Business car loan options
A chattel mortgage (also known as a bill of sale or equipment loan) is a financial arrangement in which money is borrowed to acquire commercial equipment or vehicles, and a charge is taken over the financed equipment, meaning the lender can repossess it if the borrower misses repayments.
- The borrower owns the equipment
- It can be fully financed or the borrower can contribute some equity (e.g., a deposit or a trade)
- A balloon payment can be incorporated
- A tax deduction can usually be claimed on the interest payments and depreciation on the vehicle
- If you're registered for GST, you may typically claim the GST on the purchase price.
A finance lease is a vehicle financing arrangement in which the lender keeps the title and the car is leased to the borrower for a certain period of time at a set rental price.
- The financier will own the vehicle
- Repayments are often fully tax deductible
- While there is no assurance of ownership, it is common for the lender to offer the equipment for sale at its residual value at the conclusion of the term.
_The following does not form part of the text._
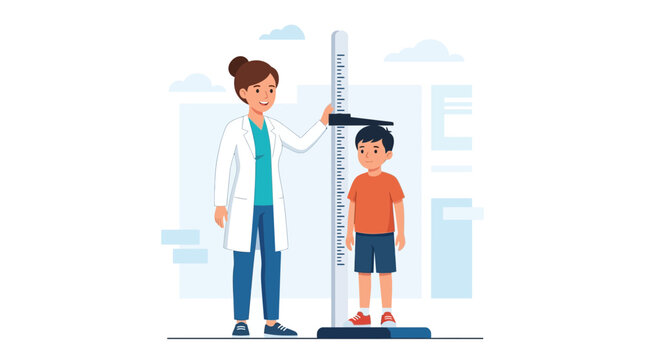 Pediatrician Measuring Child's Height with Stadiometer, Healthcare Concept Illustration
Most commercial equipment can be financed, including:
- warehouse machinery
- specialised equipment for health care personnel
The most common kind of equipment financing is a chattel mortgage. With a chattel mortgage, you source the equipment and your company owns it from the start of the loan period, allowing you to keep your operating capital free. The loan is secured against the acquired equipment, and if the equipment is employed to generate revenue, your company can usually claim interest and depreciation.